▶ **Task to carry out**
The response must consist of all the records, retyped exactly.

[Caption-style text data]
• • • • • • •
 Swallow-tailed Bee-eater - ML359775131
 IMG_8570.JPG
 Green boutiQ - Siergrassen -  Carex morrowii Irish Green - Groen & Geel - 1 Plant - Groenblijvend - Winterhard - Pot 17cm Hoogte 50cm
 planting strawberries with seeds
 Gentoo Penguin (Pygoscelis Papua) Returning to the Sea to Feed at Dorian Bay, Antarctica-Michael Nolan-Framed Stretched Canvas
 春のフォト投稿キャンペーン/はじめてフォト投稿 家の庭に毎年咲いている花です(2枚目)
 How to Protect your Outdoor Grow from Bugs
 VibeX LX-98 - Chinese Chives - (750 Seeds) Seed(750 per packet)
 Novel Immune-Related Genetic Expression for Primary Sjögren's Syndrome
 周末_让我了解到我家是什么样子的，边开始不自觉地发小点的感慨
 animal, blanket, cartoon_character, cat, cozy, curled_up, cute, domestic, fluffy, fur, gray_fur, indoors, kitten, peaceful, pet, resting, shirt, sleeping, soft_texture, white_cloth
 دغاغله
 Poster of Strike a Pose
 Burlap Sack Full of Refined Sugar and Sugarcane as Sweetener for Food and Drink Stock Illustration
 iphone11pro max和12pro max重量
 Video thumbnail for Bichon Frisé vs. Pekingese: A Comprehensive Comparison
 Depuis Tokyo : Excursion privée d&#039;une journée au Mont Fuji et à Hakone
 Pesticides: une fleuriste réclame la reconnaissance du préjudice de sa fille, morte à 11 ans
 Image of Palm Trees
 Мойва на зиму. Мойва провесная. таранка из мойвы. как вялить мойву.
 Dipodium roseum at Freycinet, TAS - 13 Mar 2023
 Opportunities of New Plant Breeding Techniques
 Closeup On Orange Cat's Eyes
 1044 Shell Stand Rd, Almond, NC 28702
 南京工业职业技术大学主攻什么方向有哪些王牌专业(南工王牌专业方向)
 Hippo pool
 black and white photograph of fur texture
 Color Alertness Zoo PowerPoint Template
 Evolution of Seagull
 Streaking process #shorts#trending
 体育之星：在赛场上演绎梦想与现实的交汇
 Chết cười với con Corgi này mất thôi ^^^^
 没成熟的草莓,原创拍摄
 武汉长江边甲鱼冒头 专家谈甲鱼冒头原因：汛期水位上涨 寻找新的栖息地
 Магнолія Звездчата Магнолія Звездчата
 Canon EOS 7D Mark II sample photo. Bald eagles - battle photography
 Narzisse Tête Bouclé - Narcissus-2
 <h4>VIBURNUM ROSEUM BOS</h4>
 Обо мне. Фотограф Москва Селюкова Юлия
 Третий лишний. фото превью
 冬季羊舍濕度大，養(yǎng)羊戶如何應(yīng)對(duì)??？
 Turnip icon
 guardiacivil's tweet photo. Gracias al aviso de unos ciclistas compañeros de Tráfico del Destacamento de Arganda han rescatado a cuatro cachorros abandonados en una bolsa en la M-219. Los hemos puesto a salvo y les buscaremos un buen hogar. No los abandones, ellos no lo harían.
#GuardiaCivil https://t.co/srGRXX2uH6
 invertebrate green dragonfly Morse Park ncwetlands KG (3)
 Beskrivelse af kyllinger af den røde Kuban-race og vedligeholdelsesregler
• • • • • • •
▶ **Solved exercise**
 Swallow-tailed Bee-eater - ML359775131
 IMG_8570.JPG
 Green boutiQ - Siergrassen -  Carex morrowii Irish Green - Groen & Geel - 1 Plant - Groenblijvend - Winterhard - Pot 17cm Hoogte 50cm
 planting strawberries with seeds
 Gentoo Penguin (Pygoscelis Papua) Returning to the Sea to Feed at Dorian Bay, Antarctica-Michael Nolan-Framed Stretched Canvas
 春のフォト投稿キャンペーン/はじめてフォト投稿 家の庭に毎年咲いている花です(2枚目)
 How to Protect your Outdoor Grow from Bugs
 VibeX LX-98 - Chinese Chives - (750 Seeds) Seed(750 per packet)
 Novel Immune-Related Genetic Expression for Primary Sjögren's Syndrome
 周末_让我了解到我家是什么样子的，边开始不自觉地发小点的感慨
 animal, blanket, cartoon_character, cat, cozy, curled_up, cute, domestic, fluffy, fur, gray_fur, indoors, kitten, peaceful, pet, resting, shirt, sleeping, soft_texture, white_cloth
 دغاغله
 Poster of Strike a Pose
 Burlap Sack Full of Refined Sugar and Sugarcane as Sweetener for Food and Drink Stock Illustration
 iphone11pro max和12pro max重量
 Video thumbnail for Bichon Frisé vs. Pekingese: A Comprehensive Comparison
 Depuis Tokyo : Excursion privée d&#039;une journée au Mont Fuji et à Hakone
 Pesticides: une fleuriste réclame la reconnaissance du préjudice de sa fille, morte à 11 ans
 Image of Palm Trees
 Мойва на зиму. Мойва провесная. таранка из мойвы. как вялить мойву.
 Dipodium roseum at Freycinet, TAS - 13 Mar 2023
 Opportunities of New Plant Breeding Techniques
 Closeup On Orange Cat's Eyes
 1044 Shell Stand Rd, Almond, NC 28702
 南京工业职业技术大学主攻什么方向有哪些王牌专业(南工王牌专业方向)
 Hippo pool
 black and white photograph of fur texture
 Color Alertness Zoo PowerPoint Template
 Evolution of Seagull
 Streaking process #shorts#trending
 体育之星：在赛场上演绎梦想与现实的交汇
 Chết cười với con Corgi này mất thôi ^^^^
 没成熟的草莓,原创拍摄
 武汉长江边甲鱼冒头 专家谈甲鱼冒头原因：汛期水位上涨 寻找新的栖息地
 Магнолія Звездчата Магнолія Звездчата
 Canon EOS 7D Mark II sample photo. Bald eagles - battle photography
 Narzisse Tête Bouclé - Narcissus-2
 <h4>VIBURNUM ROSEUM BOS</h4>
 Обо мне. Фотограф Москва Селюкова Юлия
 Третий лишний. фото превью
 冬季羊舍濕度大，養(yǎng)羊戶如何應(yīng)對(duì)??？
 Turnip icon
 guardiacivil's tweet photo. Gracias al aviso de unos ciclistas compañeros de Tráfico del Destacamento de Arganda han rescatado a cuatro cachorros abandonados en una bolsa en la M-219. Los hemos puesto a salvo y les buscaremos un buen hogar. No los abandones, ellos no lo harían.
#GuardiaCivil https://t.co/srGRXX2uH6
 invertebrate green dragonfly Morse Park ncwetlands KG (3)
 Beskrivelse af kyllinger af den røde Kuban-race og vedligeholdelsesregler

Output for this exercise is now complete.